I really appreciate and value your advice. Thanks.
Response from Dr. McGovern
Thank you for your excellent questions.
Yes you have hepatitis B e antigen negative infection (hepatitis B e antigen negative with viremia).
You responded well to hepsera (adefovir) and would probably respond well again if you are treated.
I personally would want to get a liver biospy to see if you have significant disease since the QLSS looks okay.
The reason I would like to know about your disease was cited by you -you need long-term chronic administration of therapy - or you will have a relapse of viremia. This puts you at risk for resistance.
Right now I feel that many new drugs are emerging - yet I think the field of hepatitis B treatment is evolving.

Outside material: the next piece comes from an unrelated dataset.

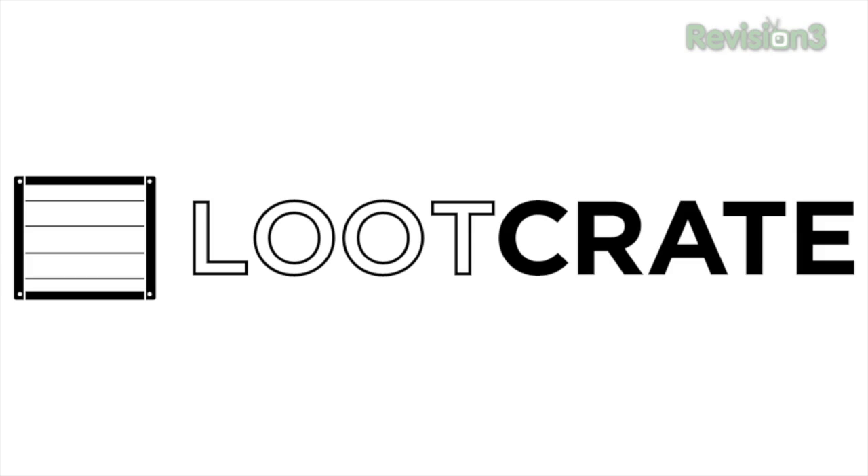This episode of Ties That Help was brought to you by Loot Crate. What's up guys, in this video I wanted to show you a new app that I've been using a lot lately called Knock.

We are still learning about whether monotherapy or combination therapy is best. In patients like you who need long-term therapy, I would prefer to wait to see what happens over the next year or two - if your biopsy shows that it is safe to wait. We may learn that combination therapy is best for viral suppression and to delay resistance. Right now it is unclear.
That is why I would want to stage your disease with a biopsy.